Over the years, Wen de­vel­oped a list of ail­ing friends and ac­quain­tances, brought them food and never ac­cepted pay­ment. One wo­man, a BNA li­brar­ian with rheumatoid arthri­tis, died and left Wen $100,000.

Wen did not need the money. Be­fore re­tir­ing in 1999, she’d spent 58 years at the BNA, which pro­duces le­gal and reg­u­la­tory publi­ca­tions, and be­came a su­per­vi­sor in the cus­tomer ac­counts and records de­part­ment. Among the long­est-serv­ing work­ers of the em­ployee-owned com­pany, Wen held about $7 mil­lion in stock, ac­cord­ing to Cyn­thia Bol­bach, a BNA vice pres­i­dent and cor­po­rate sec­re­tary.

Bol­bach was not a close friend of Wen’s but none­the­less was a ben­e­fi­ciary of the food de­liv­er­ies.

“Prob­a­bly ev­ery four to six weeks, there’d be a call from the se­cu­rity guard in the lobby say­ing Betty was down­stairs in her car with bags and bags of gro­ceries, which she brought to the ex­ec­u­tive of­fices,” Bol­bach said. “That was her way to reach out to peo­ple. . . . It was prob­a­bly a lit­tle ec­cen­tric, but it was her way of keep­ing in touch with ev­ery­body.”
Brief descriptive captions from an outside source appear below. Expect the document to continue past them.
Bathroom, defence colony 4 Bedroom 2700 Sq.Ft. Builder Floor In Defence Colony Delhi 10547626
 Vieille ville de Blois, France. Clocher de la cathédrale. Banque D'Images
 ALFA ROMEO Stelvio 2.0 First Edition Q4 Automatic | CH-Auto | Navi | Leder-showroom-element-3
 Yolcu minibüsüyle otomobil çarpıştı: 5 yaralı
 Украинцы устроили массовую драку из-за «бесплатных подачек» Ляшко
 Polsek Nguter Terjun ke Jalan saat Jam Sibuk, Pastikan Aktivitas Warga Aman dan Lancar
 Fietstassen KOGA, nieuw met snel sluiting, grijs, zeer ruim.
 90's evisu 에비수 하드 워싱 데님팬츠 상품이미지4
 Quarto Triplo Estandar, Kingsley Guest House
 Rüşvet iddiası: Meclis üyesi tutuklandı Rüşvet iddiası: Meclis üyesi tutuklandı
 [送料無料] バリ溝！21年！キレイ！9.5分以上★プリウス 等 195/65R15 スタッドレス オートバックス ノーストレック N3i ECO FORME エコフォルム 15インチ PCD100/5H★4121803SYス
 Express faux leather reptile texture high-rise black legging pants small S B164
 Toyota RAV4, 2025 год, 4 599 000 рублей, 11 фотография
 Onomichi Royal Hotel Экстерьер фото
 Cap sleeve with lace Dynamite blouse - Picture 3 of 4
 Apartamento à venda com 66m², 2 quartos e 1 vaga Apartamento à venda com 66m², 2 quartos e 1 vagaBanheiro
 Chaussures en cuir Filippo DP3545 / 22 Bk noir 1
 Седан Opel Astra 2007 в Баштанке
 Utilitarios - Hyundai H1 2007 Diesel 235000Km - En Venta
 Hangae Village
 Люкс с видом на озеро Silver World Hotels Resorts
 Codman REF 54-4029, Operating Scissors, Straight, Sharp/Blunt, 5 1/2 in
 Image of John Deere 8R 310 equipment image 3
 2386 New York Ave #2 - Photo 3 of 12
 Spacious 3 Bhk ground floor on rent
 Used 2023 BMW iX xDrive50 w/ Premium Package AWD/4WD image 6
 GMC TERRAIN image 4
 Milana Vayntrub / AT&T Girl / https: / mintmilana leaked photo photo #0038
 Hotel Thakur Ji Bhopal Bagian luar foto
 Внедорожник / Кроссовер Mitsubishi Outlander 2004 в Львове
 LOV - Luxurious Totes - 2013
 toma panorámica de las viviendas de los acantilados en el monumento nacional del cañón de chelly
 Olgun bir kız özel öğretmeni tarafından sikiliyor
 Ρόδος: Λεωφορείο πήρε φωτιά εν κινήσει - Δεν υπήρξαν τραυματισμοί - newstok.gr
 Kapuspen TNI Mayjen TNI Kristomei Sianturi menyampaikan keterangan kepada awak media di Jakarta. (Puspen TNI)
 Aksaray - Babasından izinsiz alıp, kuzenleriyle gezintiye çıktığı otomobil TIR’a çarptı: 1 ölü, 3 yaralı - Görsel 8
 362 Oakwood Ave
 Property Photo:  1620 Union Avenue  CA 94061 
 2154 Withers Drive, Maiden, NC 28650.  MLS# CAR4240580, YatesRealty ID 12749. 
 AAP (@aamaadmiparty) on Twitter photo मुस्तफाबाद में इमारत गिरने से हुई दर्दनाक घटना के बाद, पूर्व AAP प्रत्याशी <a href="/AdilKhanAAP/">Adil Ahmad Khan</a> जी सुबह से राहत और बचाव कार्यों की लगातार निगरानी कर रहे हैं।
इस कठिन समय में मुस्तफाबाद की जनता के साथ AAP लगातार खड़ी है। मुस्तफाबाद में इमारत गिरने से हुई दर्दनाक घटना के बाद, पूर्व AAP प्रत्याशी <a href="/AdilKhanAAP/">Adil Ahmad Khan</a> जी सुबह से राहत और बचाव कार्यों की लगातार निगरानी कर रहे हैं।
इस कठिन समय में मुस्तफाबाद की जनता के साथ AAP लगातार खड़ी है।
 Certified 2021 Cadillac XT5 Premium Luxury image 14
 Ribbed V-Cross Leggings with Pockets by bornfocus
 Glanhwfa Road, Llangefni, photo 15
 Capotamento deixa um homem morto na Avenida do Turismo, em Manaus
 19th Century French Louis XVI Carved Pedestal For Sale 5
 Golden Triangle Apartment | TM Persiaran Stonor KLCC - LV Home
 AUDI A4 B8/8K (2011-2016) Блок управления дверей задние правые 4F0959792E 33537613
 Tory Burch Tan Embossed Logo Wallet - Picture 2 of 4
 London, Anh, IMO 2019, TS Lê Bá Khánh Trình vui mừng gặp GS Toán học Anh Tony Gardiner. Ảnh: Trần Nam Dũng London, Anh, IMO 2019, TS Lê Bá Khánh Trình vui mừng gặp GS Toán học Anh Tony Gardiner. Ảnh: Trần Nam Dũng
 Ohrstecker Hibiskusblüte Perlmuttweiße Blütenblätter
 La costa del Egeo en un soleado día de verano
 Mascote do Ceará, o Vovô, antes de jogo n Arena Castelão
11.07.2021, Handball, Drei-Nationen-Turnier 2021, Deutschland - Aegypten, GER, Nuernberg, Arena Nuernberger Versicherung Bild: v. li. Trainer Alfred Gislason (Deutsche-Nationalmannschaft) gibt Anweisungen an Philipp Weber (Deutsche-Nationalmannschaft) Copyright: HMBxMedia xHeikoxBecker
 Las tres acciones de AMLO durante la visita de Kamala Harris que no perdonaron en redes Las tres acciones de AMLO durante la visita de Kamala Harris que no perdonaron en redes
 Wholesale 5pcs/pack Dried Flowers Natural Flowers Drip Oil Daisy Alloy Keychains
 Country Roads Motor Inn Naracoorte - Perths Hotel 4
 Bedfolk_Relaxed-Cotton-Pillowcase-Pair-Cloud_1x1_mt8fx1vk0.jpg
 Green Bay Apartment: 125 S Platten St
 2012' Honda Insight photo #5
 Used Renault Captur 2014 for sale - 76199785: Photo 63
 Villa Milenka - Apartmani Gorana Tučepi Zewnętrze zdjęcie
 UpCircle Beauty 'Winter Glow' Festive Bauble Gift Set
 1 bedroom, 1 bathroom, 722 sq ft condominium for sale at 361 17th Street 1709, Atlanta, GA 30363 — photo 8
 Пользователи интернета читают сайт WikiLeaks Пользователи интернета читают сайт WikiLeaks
Wen was gen­er­ous with more than edi­bles. She did vol­un­teer work at Sub­ur­ban Hospi­tal and Iona Se­nior Ser­vices in Wash­ing­ton and stuffed hun­dreds of dol­lars in the pock­ets of peo­ple she felt needed help, said Hom, her niece. She once gave a gro­cery store em­ployee a six-month-old Ply­mouth that Wen wanted to ex­change for a less-ex­trav­a­gant car.

Wen’s own habits were as­cetic, rarely if ever in­dulging in chic food, trav­el­ing or buy­ing sweaters that cost more than $5. She could be com­pul­sive about coupons, telling her niece, for ex­am­ple, “To­day, I made money,” when a gro­cery store had dou­bled the coupon amount. She es­pe­cially en­joyed sales on laun­dry de­ter­gent and lugged heavy con­tain­ers to her car.

Wen spent her fi­nal days at Sub­ur­ban Hospi­tal, where she’d asked her niece to bring bags of ap­ples and or­anges pur­chased at Costco. Wen dis­trib­uted the fruit to the hospi­tal staff.


Betty Wen gave away food, cooked for oth­ers and de­liv­ered fruit at Sub­ur­ban Hospi­tal.